Ministro Marlaska, señoras y señores del Gobierno, me declaro culpable. Y lo hago con total sinceridad, sin más imperativo que el que me dictan mi conciencia y mi deber como ciudadano libre. Soy culpable de criticar al Gobierno, de poner en duda sus mentiras, de abominar de su conducta totalitaria, de sentir asco ante su carencia absoluta de empatía para con sus compatriotas, con los enfermos, con los deudos de los fallecidos, con los médicos, enfermeras y personal sanitario que los atienden y que están cayendo como moscas víctimas de esta terrible pandemia que se esfuerzan por erradicar.
Me declaro culpable de alta traición ante los comunistas que prefieren ver a su patria en la ruina, con la gente desmoralizada y hambrienta, antes que renunciar a su proyecto dictatorial e inhumano que históricamente ha costado millones de vidas. Me declaro también culpable de haber denunciado todo lo que he podido a un presidente, Sánchez, que no ha dudado en entregar la soberanía nacional a cambio de los votos de los golpistas catalanes, de los nacionalistas vascos, siempre tan comprensivos con los asesinos etarras y tan poco misericordiosos con quienes asesinaban. Me declaro culpable de simpatizar con personas de la altura moral de Amancio Ortega o Joan Roig, que han sabido dar la talla aportando dinero y ejemplo, antes que con los paniaguados de la cultura subvencionada, tan vacía de compromiso y generosidad como ahítos de vanidad y prepotencia.
Me declaro culpable de no querer formar parte del rebaño de periodistas que han vendido su dignidad a cambio de millones de platos de lentejas arrancados a un erario que vacío y no podrá ayudar a nadie, porque el Gobierno prefiere gastar lo que no tiene en sueldos, cargos, en un aparato monstruosamente desproporcionado e inútil que en nada ayuda a la nación. Me declaro culpable de sentirme abochornado cuando veo lo que dice y hace la televisión pública, la española y la catalana, meros altavoces al servicio de un poder corrupto y destructor de la convivencia. Me declaro culpable de no admitir la consigna de Celaá, de las portavocías del Ministerio de la verdad, de los que esconden miserablemente su talante autoritario bajo una piel de cordero.
Pero sobre todo me declaro culpable de pensar por mí mismo, de no casarme con nadie, de ser crítico con el poder, mande quien mande, habiendo sido censurado por socialistas y populares cuando gobernaban
Pero sobre todo me declaro culpable de pensar por mí mismo, de no casarme con nadie, de ser crítico con el poder, mande quien mande, habiendo sido censurado por socialistas y populares cuando gobernaban. Me declaro orgullosamente culpable de estar en las listas negras del separatismo en todos sus grados y variaciones, de no ceder ante la amenaza física ni verbal, de haber soportado la muerte civil a la que se me quiso someter en mi patria chica. Me declaro culpable de no querer saber nada con ningún totalitarismo, sea de derechas o de izquierdas, reclamando la libertad de pensamiento como expresión máxima del ser humano, la única que garantiza su pleno desarrollo y prosperidad.
Y me declaro culpable de no odiar a nadie.

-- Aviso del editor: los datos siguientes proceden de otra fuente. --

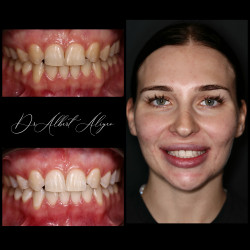 13.Химическое отбеливание зубов результат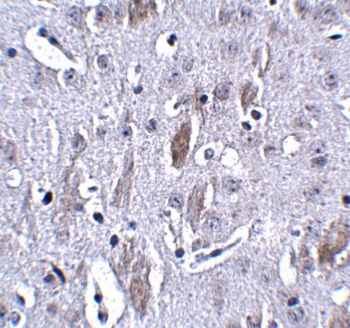 IL16 Antibody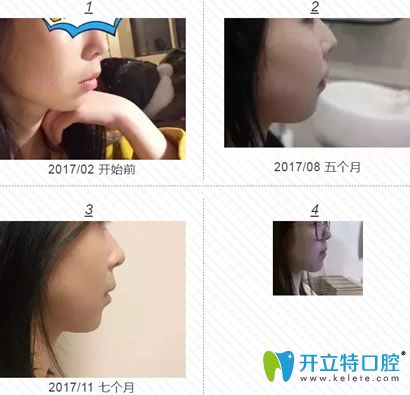 去福州格萊美口腔做1-11個月右臉變化圖片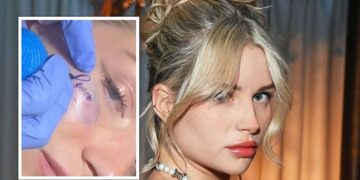 پشیمانی لوتی ماس از خالکوبی صورتش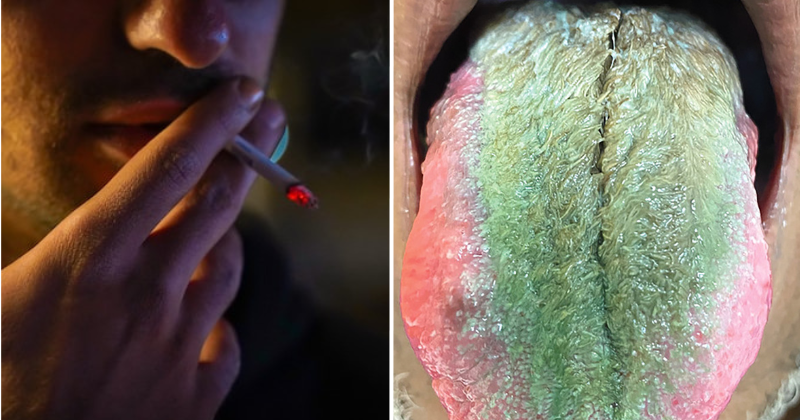 An Ohio man's tongue turns green and hairy after years of smoking cigarettes and taking antibiotics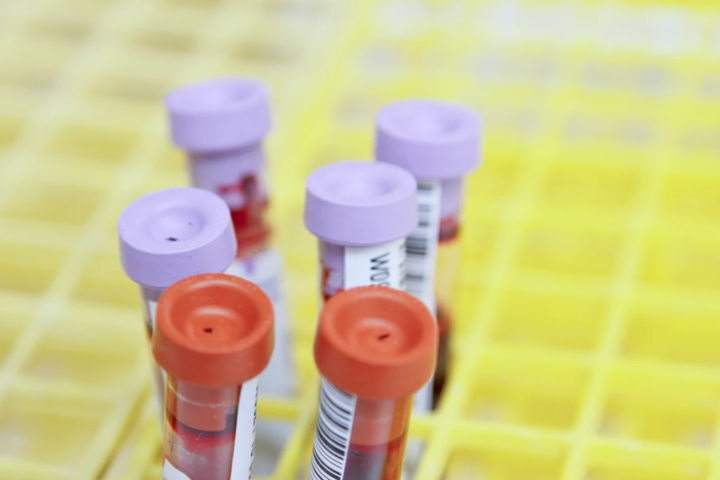 Hormone Blood Tests for Women: Understanding Estradiol, Progesterone and Testosterone Ranges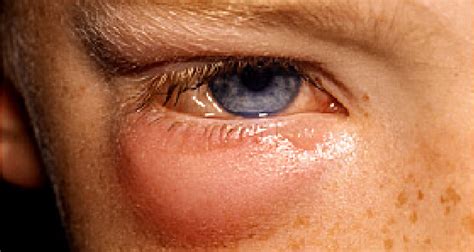 Cellulitis Under Eye
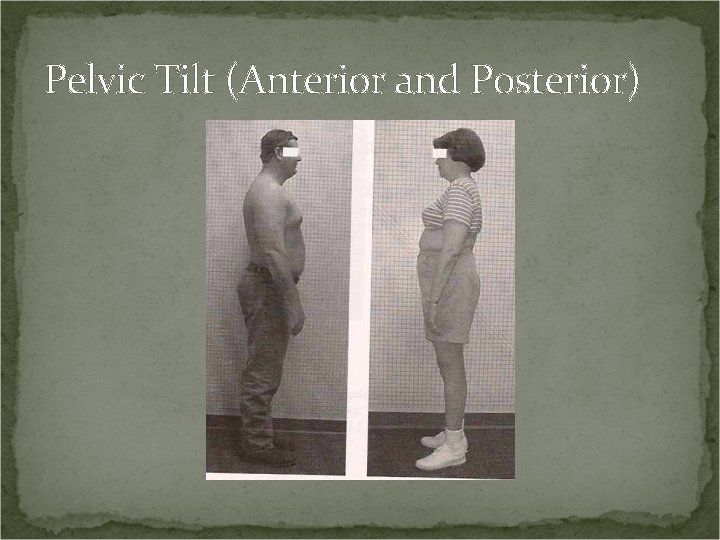 Pelvic Tilt (Anterior and Posterior) 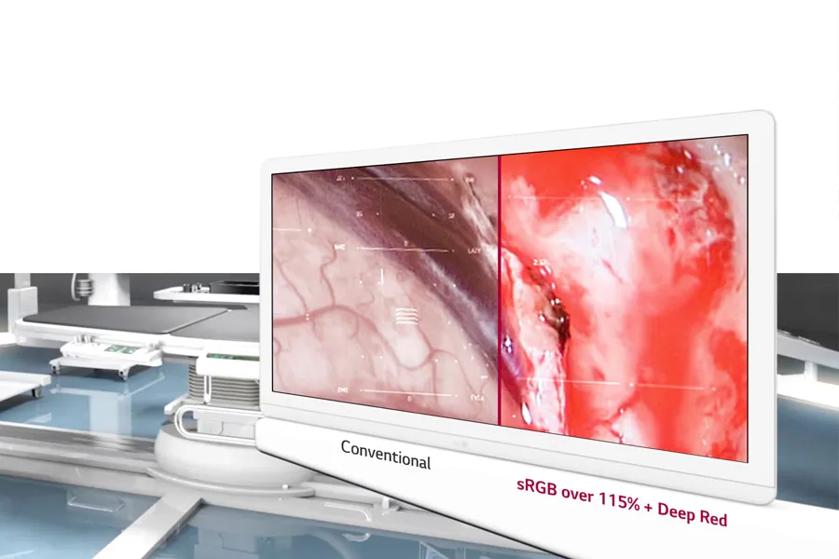 The image shows a sleek, modern medical display monitor in a clinical setting. The screen is divided into two halves. The left half showcases an image with muted and less vibrant colors labeled as "Conventional," displaying anatomical features with a subdued red-pink hue and visible vascular patterns. The right half, labeled "sRGB over 115% + Deep Red," presents a more vivid and saturated view of the same anatomical subject, highlighted by intense red tones. Behind the display, there is a blur of advanced medical equipment and machinery, suggesting a high-tech operating room environment.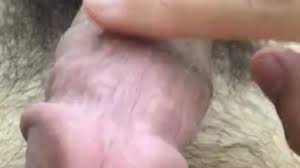 Foreskin cum jpg x Foreskin cum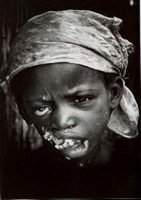 Enfant atteint du Noma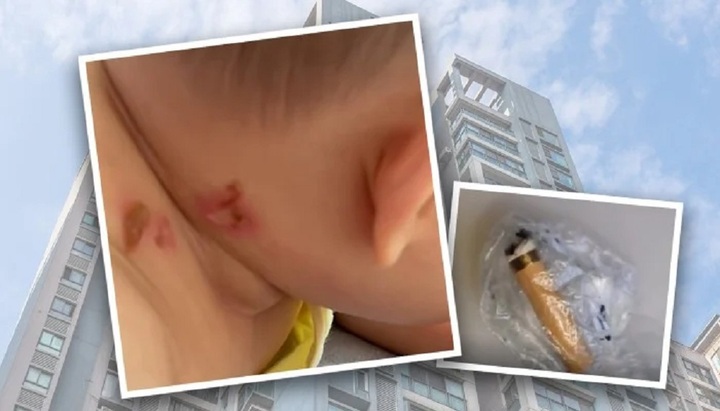 Xét nghiệm ADN dân cư cả tòa nhà 26 tầng tìm kẻ ném thuốc lá làm em bé bệnh nặng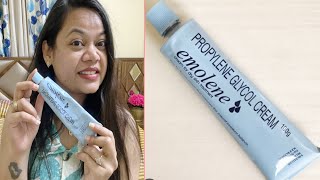 बहुत सारे Moisturiser Use किए कोई अच्छा Moisturiser नहीं मिला Try Emolene Cream [upl. by Nyletac]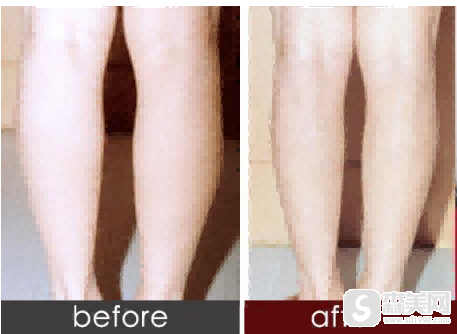 金尚训医生怎么样呀?金尚训医生案例介绍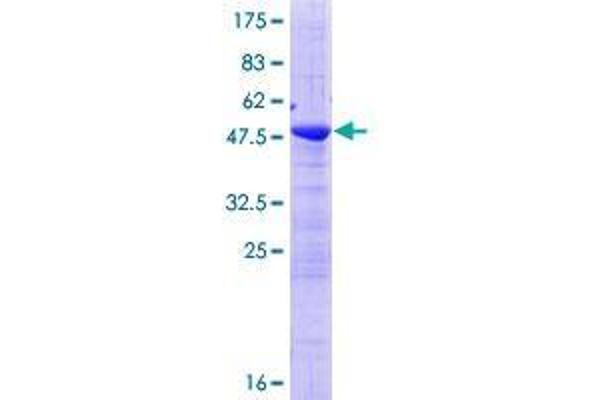 ZMAT2 Protein (AA 1-199) (GST tag)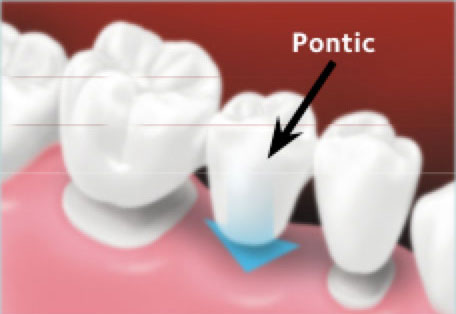 The custom-made bridge is placed over the prepared teeth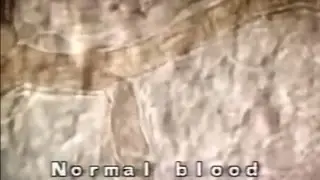 Blood flow after fatty meal 1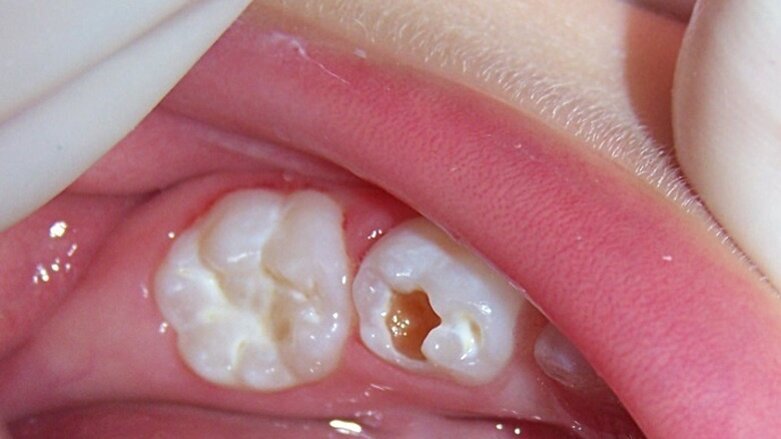 Mínima Intervención en Odontopediatría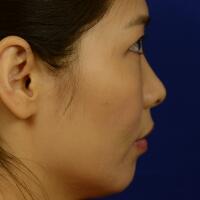 去医院做了面部埋埋蛋白线.提升，肌肤紧致果不错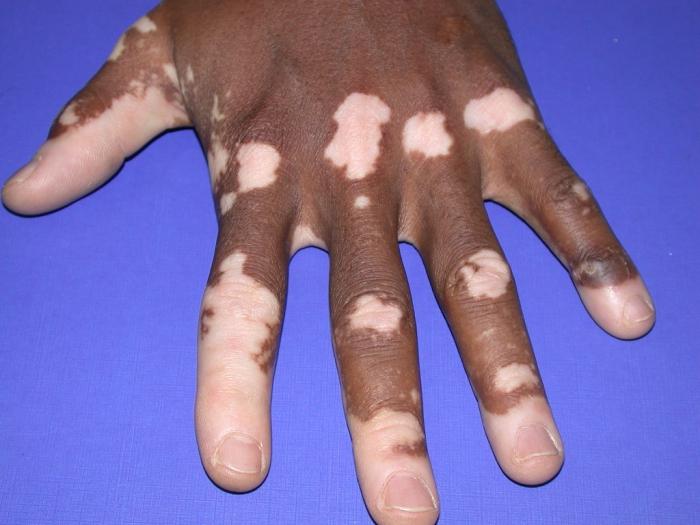 What are the symptoms and causes of vitiligo?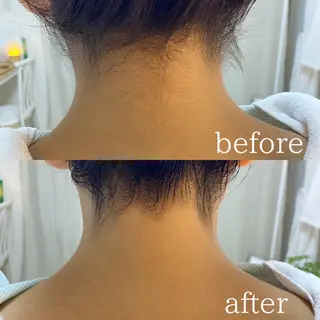 AKALA hitomiのエステ・リラクイメージ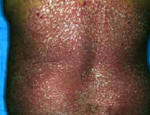 scale psoriasis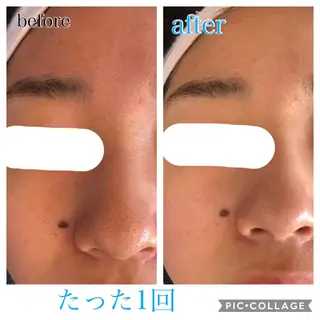 ミディアム カラー パーマ ヘアアレンジ キッズ ネイル マツエク・マツパ EnsorClair 代表 野口真央のエステ・リラクイメージ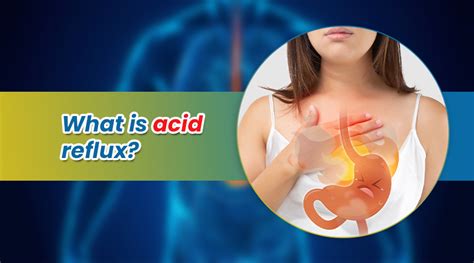 What Is Acid Reflux Disease Causes Of Acid Reflux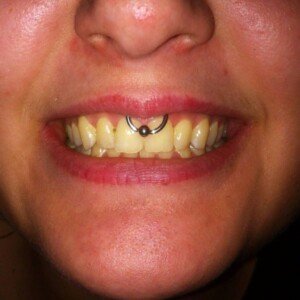 Infant Piercing in New Jersey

Sí, porque no albergo rencor hacia ninguno de los citados. No me gustan, no los veo como más que como lo que son, unos advenedizos que buscan su provecho al precio que sea, pero no los odio. Porque también me confieso creyente, quizá el cargo más temible en contra de mi modesta persona. Y esa creencia me hace perdonar, que no olvidar ni ser indulgente, con todos quienes nos agravian diariamente con sus métodos que solo pueden traernos ruina, hambre, dictadura y miedo. No puedo odiarlos de la misma manera que Jesucristo nos aconsejó desde la cruz cuando pronunció “Padre, perdónalos, porque no saben lo que hacen”. Y aunque tenga para mí que estos sí lo saben, y muy bien, tampoco por eso voy a odiarlos. Ni desearles ningún mal, ni que les suceda desgracia alguna.
Me hallo espiritualmente en el mismo trance que Ramiro de Maeztu frente al piquete que iba a fusilarlo, piquete de milicianos, horda salvaje, violenta y ávida de sangre. Con ánimo sereno, les dijo: “Vosotros no sabéis por qué me matáis, pero yo si sé por lo que muero. Para que vuestros hijos sean mejores que vosotros”.
Así que ya lo ven, soy terriblemente culpable. No cambiaré, pero tampoco voy a odiarlos. Es el cargo que más puede volverse en mi contra y que, estoy seguro, ha de condenarme. Porque, desgraciadamente, en España se ha vuelto a implantar el odio como ideología y como praxis en la política. No seré yo quien odie, aunque muchos puedan odiarme a mí. Y que Dios nos perdone a todos.